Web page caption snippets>
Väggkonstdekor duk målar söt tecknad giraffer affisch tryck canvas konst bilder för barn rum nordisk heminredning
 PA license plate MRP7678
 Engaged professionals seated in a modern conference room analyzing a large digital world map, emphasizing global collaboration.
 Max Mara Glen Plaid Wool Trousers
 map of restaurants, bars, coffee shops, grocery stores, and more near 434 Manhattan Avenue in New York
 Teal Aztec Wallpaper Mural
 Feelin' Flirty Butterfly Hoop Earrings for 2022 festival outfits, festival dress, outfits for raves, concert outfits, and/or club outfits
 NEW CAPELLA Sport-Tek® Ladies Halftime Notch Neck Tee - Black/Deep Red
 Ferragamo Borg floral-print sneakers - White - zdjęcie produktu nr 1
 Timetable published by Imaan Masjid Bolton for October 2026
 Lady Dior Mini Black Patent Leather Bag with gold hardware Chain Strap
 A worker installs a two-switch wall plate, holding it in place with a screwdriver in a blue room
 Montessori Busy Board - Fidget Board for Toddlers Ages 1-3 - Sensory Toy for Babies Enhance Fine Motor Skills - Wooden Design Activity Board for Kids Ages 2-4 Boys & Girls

Problem to solve> Please reproduce all of the records exactly as they stand.

Task output>
Väggkonstdekor duk målar söt tecknad giraffer affisch tryck canvas konst bilder för barn rum nordisk heminredning
 PA license plate MRP7678
 Engaged professionals seated in a modern conference room analyzing a large digital world map, emphasizing global collaboration.
 Max Mara Glen Plaid Wool Trousers
 map of restaurants, bars, coffee shops, grocery stores, and more near 434 Manhattan Avenue in New York
 Teal Aztec Wallpaper Mural
 Feelin' Flirty Butterfly Hoop Earrings for 2022 festival outfits, festival dress, outfits for raves, concert outfits, and/or club outfits
 NEW CAPELLA Sport-Tek® Ladies Halftime Notch Neck Tee - Black/Deep Red
 Ferragamo Borg floral-print sneakers - White - zdjęcie produktu nr 1
 Timetable published by Imaan Masjid Bolton for October 2026
 Lady Dior Mini Black Patent Leather Bag with gold hardware Chain Strap
 A worker installs a two-switch wall plate, holding it in place with a screwdriver in a blue room
 Montessori Busy Board - Fidget Board for Toddlers Ages 1-3 - Sensory Toy for Babies Enhance Fine Motor Skills - Wooden Design Activity Board for Kids Ages 2-4 Boys & Girls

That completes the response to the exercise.